The RSPB, the National Trust and the Wildlife Trusts, are calling on MPs to back amendments to the planning and infrastructure bill to end what they say is the scapegoating of nature for the failures of the planning system.
A YouGov poll commissioned by the groups revealed 71% of the public would support increased planning protections for green and blue spaces, including fields, woodland, community parks, national parks, rivers, lakes and streams.
The organisations are urging MPs to back amendments to toughen environmental protections in the bill, including adding strict rules that environmental benefits must significantly outweigh harm from development and a legal duty to avoid harm to protected wildlife wherever possible.
Photo: Maharsh Borad
RSPB analysis
The RSPB say that their analysis shows that new powers proposed in the Bill could weaken existing environmental protections and move further away from nature’s recovery.
RSPB Chief Executive Beccy Speight said, “We are in the middle of a nature and climate crisis. The public and our natural world deserve better and our future resilience depends on it. If unamended, the Bill risks doing nothing but accelerating the catastrophic decline of our natural world to the detriment of everyone.”
The RSPB wishes to see these changes to the Bill:
- The Fund must ensure that the benefits for nature significantly outweigh harm caused by development.

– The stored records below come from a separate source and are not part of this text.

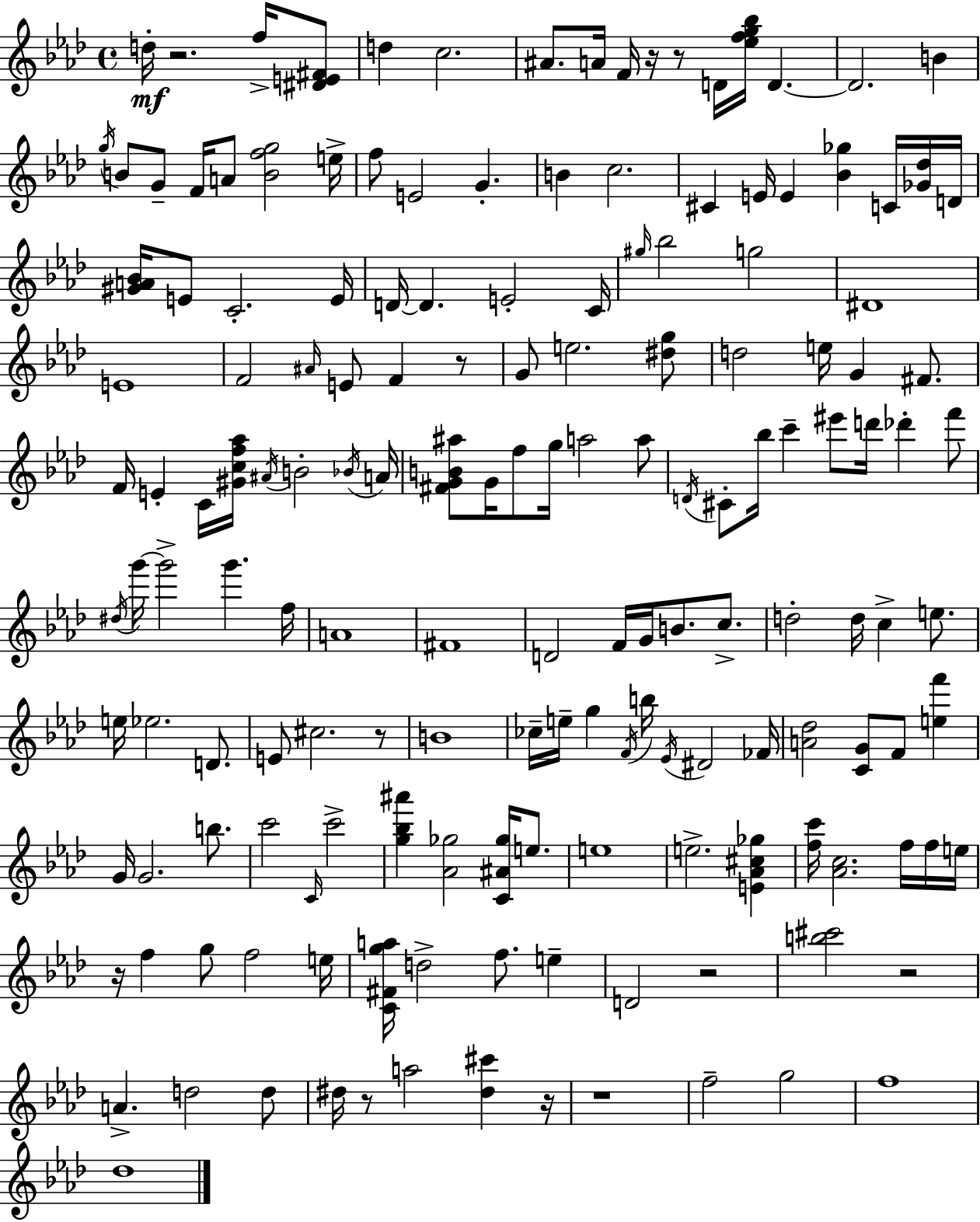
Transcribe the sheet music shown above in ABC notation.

X:1
T:Untitled
M:4/4
L:1/4
K:Ab
d/4 z2 f/4 [^DE^F]/2 d c2 ^A/2 A/4 F/4 z/4 z/2 D/4 [_efg_b]/4 D D2 B g/4 B/2 G/2 F/4 A/2 [Bfg]2 e/4 f/2 E2 G B c2 ^C E/4 E [_B_g] C/4 [_G_d]/4 D/4 [^GA_B]/4 E/2 C2 E/4 D/4 D E2 C/4 ^g/4 _b2 g2 ^D4 E4 F2 ^A/4 E/2 F z/2 G/2 e2 [^dg]/2 d2 e/4 G ^F/2 F/4 E C/4 [^Gcf_a]/4 ^A/4 B2 _B/4 A/4 [^FGB^a]/2 G/4 f/2 g/4 a2 a/2 D/4 ^C/2 _b/4 c' ^e'/2 d'/4 _d' f'/2 ^d/4 g'/4 g'2 g' f/4 A4 ^F4 D2 F/4 G/4 B/2 c/2 d2 d/4 c e/2 e/4 _e2 D/2 E/2 ^c2 z/2 B4 _c/4 e/4 g F/4 b/4 _E/4 ^D2 _F/4 [A_d]2 [CG]/2 F/2 [ef'] G/4 G2 b/2 c'2 C/4 c'2 [g_b^a'] [_A_g]2 [C^A_g]/4 e/2 e4 e2 [E_A^c_g] [fc']/4 [_Ac]2 f/4 f/4 e/4 z/4 f g/2 f2 e/4 [C^Fga]/4 d2 f/2 e D2 z2 [b^c']2 z2 A d2 d/2 ^d/4 z/2 a2 [^d^c'] z/4 z4 f2 g2 f4 _d4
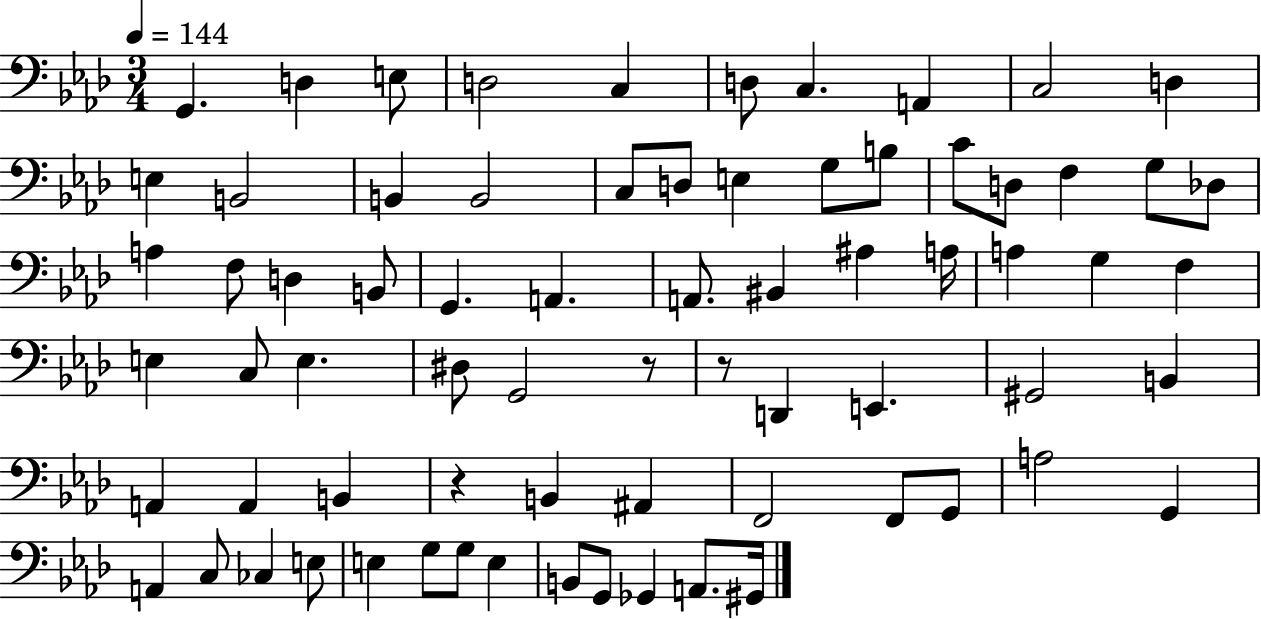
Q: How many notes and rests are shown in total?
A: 72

- A commitment to set out a long-term vision; for where to prioritise growth in England, where to safeguard land for nature recovery (including our irreplaceable natural habitats like peatlands and ancient woodlands), and areas we’ll use for tackling the impacts of climate change.
- A legal duty to ensure all plans and planning decisions help to deliver the UK’s legally binding climate and nature targets.
Differing views
Earlier in March, senior executives representing 13 of the largest Tier 1 civil engineering firms signed an open letter urging MPs to back the Bill, as reported in New Civil Engineer. The companies were AtkinsRéalis, Balfour Beatty, Bam, Costain, Jacobs, Kier Group, Laing O’Rourke, Mace, Mott MacDonald, Skanska, Vinci Construction, VolkerWessels UK and WSP.

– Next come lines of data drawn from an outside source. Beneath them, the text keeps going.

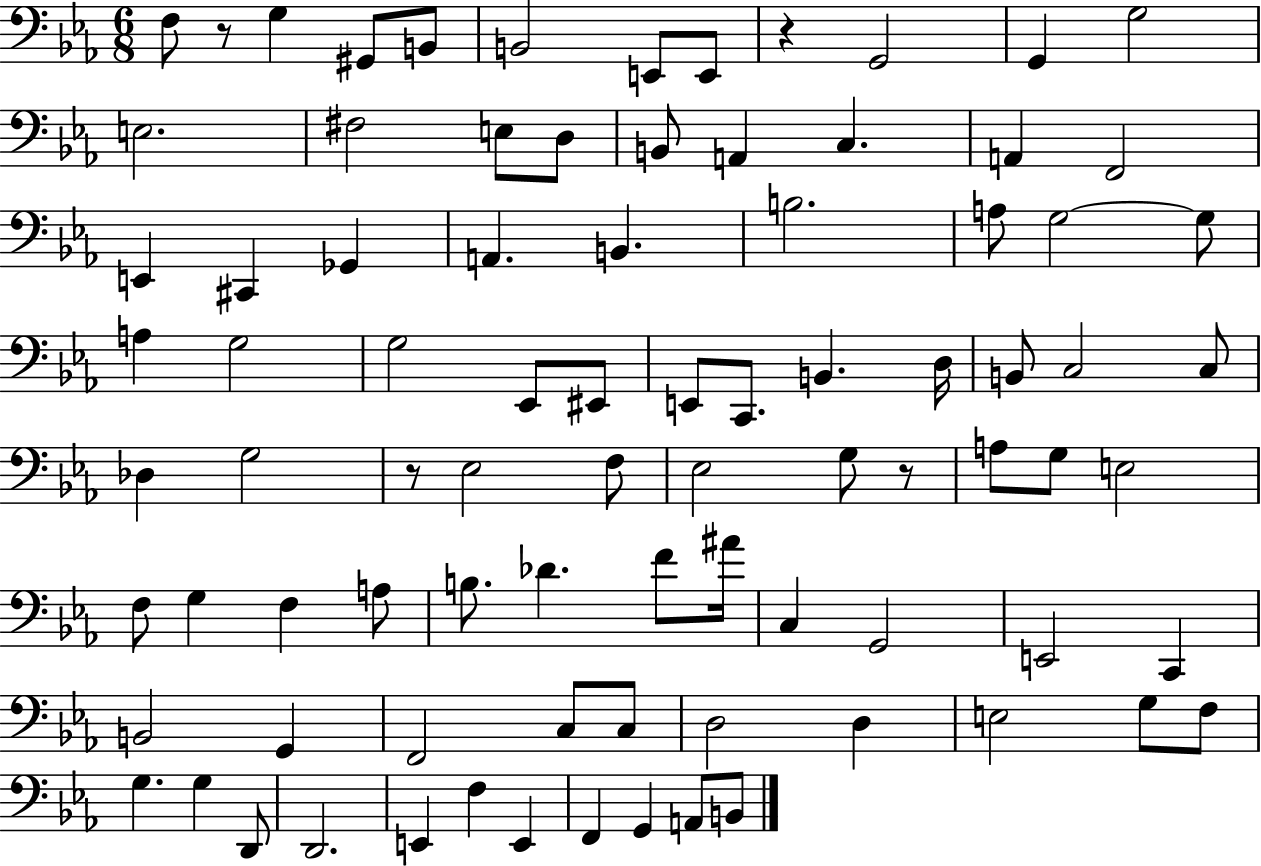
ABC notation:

X:1
T:Untitled
M:6/8
L:1/4
K:Eb
F,/2 z/2 G, ^G,,/2 B,,/2 B,,2 E,,/2 E,,/2 z G,,2 G,, G,2 E,2 ^F,2 E,/2 D,/2 B,,/2 A,, C, A,, F,,2 E,, ^C,, _G,, A,, B,, B,2 A,/2 G,2 G,/2 A, G,2 G,2 _E,,/2 ^E,,/2 E,,/2 C,,/2 B,, D,/4 B,,/2 C,2 C,/2 _D, G,2 z/2 _E,2 F,/2 _E,2 G,/2 z/2 A,/2 G,/2 E,2 F,/2 G, F, A,/2 B,/2 _D F/2 ^A/4 C, G,,2 E,,2 C,, B,,2 G,, F,,2 C,/2 C,/2 D,2 D, E,2 G,/2 F,/2 G, G, D,,/2 D,,2 E,, F, E,, F,, G,, A,,/2 B,,/2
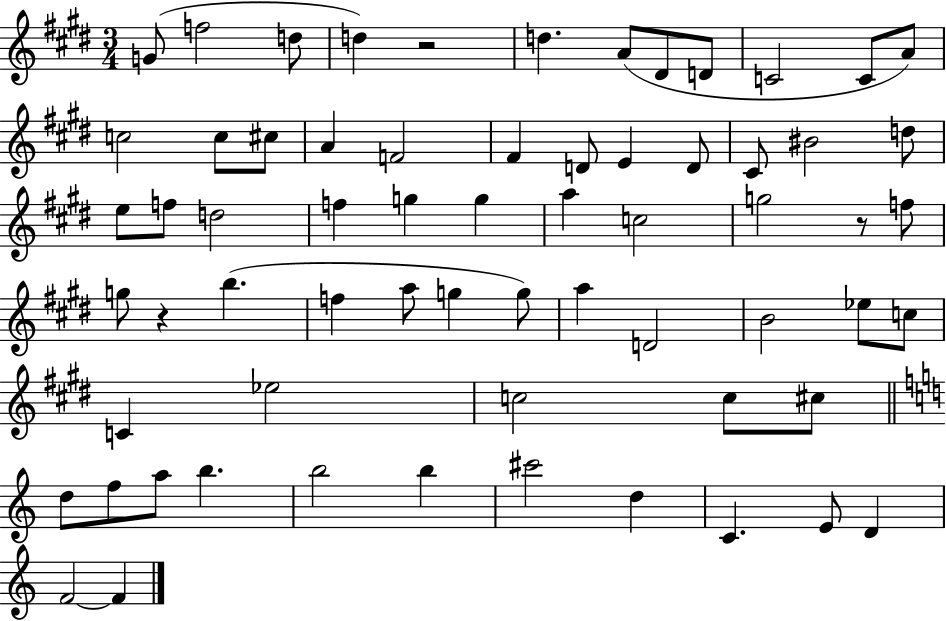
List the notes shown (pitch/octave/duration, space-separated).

G4/e F5/h D5/e D5/q R/h D5/q. A4/e D#4/e D4/e C4/h C4/e A4/e C5/h C5/e C#5/e A4/q F4/h F#4/q D4/e E4/q D4/e C#4/e BIS4/h D5/e E5/e F5/e D5/h F5/q G5/q G5/q A5/q C5/h G5/h R/e F5/e G5/e R/q B5/q. F5/q A5/e G5/q G5/e A5/q D4/h B4/h Eb5/e C5/e C4/q Eb5/h C5/h C5/e C#5/e D5/e F5/e A5/e B5/q. B5/h B5/q C#6/h D5/q C4/q. E4/e D4/q F4/h F4/q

The letter said: “The Planning and Infrastructure Bill is a once-in-a-generation opportunity to unlock growth, accelerate critical projects, and strengthen the UK’s competitiveness. The choices made now will determine whether the country seizes this moment – or lets it slip away.”

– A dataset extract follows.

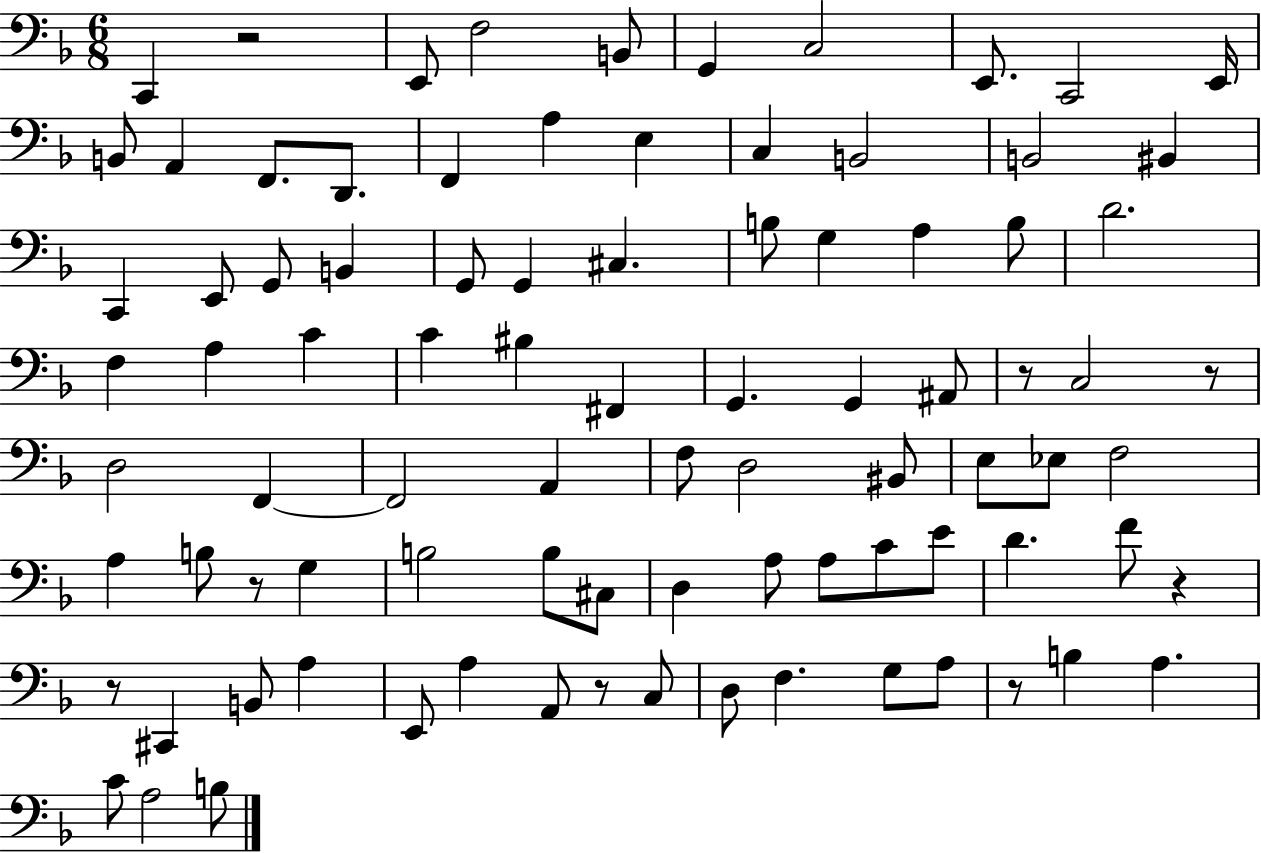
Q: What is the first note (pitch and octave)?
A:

In January, Friends of the Earth senior nature campaigner Sienna Somers said: “The government’s proposed Nature Restoration Fund is a dangerous concession to developers, letting them pay to sidestep their legal responsibilities instead of genuinely protecting nature.
“We’re already one of the most nature-depleted countries globally, yet we’d be giving developers a license to destroy. Ministers must stop enabling the destruction of irreplaceable habitats and commit to real protections and serious investment – not corporate greenwashing.”